Il 05/03/2014 06:15, Alexey Kardashevskiy ha scritto:
Normally VIOSRP_OK (0) means success and non-zero value means error
except VIOSRP_OK2 (0x99) which is another success code by weird accident.
This uses 0 as success code always as some guests do not cope with
the 0x99 value well. The existing linux driver checks for both VIOSRP_OK
and VIOSRP_OK2 since 2.6.32.
This returns non-zero code (VIOSRP_ADAPTER_FAIL == 0x10) on errors which
can only happen if DMA write failed.
Suggested-by: Benjamin Herrenschmidt <b...@kernel.crashing.org>
Signed-off-by: Alexey Kardashevskiy <a...@ozlabs.ru>
---
hw/scsi/spapr_vscsi.c | 4 ++--
1 file changed, 2 insertions(+), 2 deletions(-)
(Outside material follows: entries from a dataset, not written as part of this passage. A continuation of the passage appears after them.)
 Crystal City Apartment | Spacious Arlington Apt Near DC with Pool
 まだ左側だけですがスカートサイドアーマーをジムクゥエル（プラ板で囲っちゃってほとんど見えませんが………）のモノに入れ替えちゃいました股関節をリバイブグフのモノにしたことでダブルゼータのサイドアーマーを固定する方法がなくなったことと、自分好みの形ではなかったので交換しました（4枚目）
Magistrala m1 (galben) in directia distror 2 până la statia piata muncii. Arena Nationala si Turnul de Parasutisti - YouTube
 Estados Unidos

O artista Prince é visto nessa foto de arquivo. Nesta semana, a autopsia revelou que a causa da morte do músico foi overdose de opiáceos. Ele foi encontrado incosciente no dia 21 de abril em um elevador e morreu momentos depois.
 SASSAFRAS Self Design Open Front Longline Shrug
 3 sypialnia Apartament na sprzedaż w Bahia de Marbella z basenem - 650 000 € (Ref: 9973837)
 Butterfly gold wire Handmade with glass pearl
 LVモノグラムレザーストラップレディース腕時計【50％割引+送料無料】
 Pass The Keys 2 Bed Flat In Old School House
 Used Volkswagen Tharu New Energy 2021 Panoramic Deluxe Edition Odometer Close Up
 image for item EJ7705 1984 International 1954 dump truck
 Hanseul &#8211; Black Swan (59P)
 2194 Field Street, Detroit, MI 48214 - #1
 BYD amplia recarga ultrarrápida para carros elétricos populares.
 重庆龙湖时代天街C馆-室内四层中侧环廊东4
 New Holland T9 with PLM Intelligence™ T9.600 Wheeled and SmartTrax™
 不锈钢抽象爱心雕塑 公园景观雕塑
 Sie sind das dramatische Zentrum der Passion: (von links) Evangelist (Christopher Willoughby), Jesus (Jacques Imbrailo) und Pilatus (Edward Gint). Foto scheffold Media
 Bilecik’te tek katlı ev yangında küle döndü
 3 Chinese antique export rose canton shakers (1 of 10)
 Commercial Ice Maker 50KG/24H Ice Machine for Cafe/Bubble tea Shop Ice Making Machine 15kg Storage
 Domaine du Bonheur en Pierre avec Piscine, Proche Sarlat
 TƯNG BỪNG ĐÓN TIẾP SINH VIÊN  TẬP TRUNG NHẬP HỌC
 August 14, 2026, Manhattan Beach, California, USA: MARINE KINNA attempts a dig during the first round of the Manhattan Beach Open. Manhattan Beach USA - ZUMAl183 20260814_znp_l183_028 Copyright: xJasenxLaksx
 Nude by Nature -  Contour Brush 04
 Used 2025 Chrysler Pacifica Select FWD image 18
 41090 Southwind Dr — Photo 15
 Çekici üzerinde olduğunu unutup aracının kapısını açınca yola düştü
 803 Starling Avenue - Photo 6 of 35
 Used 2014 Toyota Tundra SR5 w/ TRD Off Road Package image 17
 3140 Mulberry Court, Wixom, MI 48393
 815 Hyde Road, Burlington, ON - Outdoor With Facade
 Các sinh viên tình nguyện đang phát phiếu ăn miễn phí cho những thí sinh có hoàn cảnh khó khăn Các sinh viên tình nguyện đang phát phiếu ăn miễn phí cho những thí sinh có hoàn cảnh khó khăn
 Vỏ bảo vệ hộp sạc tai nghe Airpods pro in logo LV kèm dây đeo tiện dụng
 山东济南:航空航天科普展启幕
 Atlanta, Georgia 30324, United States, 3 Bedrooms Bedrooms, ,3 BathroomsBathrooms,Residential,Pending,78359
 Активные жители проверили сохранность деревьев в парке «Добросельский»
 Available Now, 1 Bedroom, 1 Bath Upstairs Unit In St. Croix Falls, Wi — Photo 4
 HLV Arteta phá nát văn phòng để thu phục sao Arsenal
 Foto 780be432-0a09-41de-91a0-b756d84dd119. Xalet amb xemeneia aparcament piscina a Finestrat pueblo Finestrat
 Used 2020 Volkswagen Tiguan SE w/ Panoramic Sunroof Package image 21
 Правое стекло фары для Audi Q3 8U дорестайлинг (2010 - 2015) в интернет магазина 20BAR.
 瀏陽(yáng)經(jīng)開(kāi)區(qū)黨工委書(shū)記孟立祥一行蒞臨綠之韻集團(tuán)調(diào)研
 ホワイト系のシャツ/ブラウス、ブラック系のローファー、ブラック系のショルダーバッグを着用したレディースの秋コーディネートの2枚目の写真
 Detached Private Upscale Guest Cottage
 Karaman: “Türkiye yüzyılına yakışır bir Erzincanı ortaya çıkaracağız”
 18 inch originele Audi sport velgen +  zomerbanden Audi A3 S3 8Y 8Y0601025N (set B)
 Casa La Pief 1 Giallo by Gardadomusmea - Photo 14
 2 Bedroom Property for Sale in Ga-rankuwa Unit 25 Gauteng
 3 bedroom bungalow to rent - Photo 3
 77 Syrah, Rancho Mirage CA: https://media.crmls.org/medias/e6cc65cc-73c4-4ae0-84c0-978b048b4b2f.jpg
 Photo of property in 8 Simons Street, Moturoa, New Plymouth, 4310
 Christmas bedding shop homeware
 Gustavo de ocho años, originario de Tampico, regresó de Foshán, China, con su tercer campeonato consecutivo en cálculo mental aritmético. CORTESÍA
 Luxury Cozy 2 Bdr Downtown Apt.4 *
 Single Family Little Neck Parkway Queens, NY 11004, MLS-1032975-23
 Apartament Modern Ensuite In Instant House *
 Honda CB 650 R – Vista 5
diff --git a/hw/scsi/spapr_vscsi.c b/hw/scsi/spapr_vscsi.c
index e8bca39..6460e06 100644
--- a/hw/scsi/spapr_vscsi.c
+++ b/hw/scsi/spapr_vscsi.c
@@ -193,9 +193,9 @@ static int vscsi_send_iu(VSCSIState *s, vscsi_req *req,
req->crq.s.IU_data_ptr = req->iu.srp.rsp.tag; /* right byte order */
if (rc == 0) {
- req->crq.s.status = 0x99; /* Just needs to be non-zero */
+ req->crq.s.status = VIOSRP_OK;
} else {
- req->crq.s.status = 0x00;
+ req->crq.s.status = VIOSRP_ADAPTER_FAIL;
}
rc1 = spapr_vio_send_crq(&s->vdev, req->crq.raw);
Since Alex is on vacation, I've applied this to scsi-next.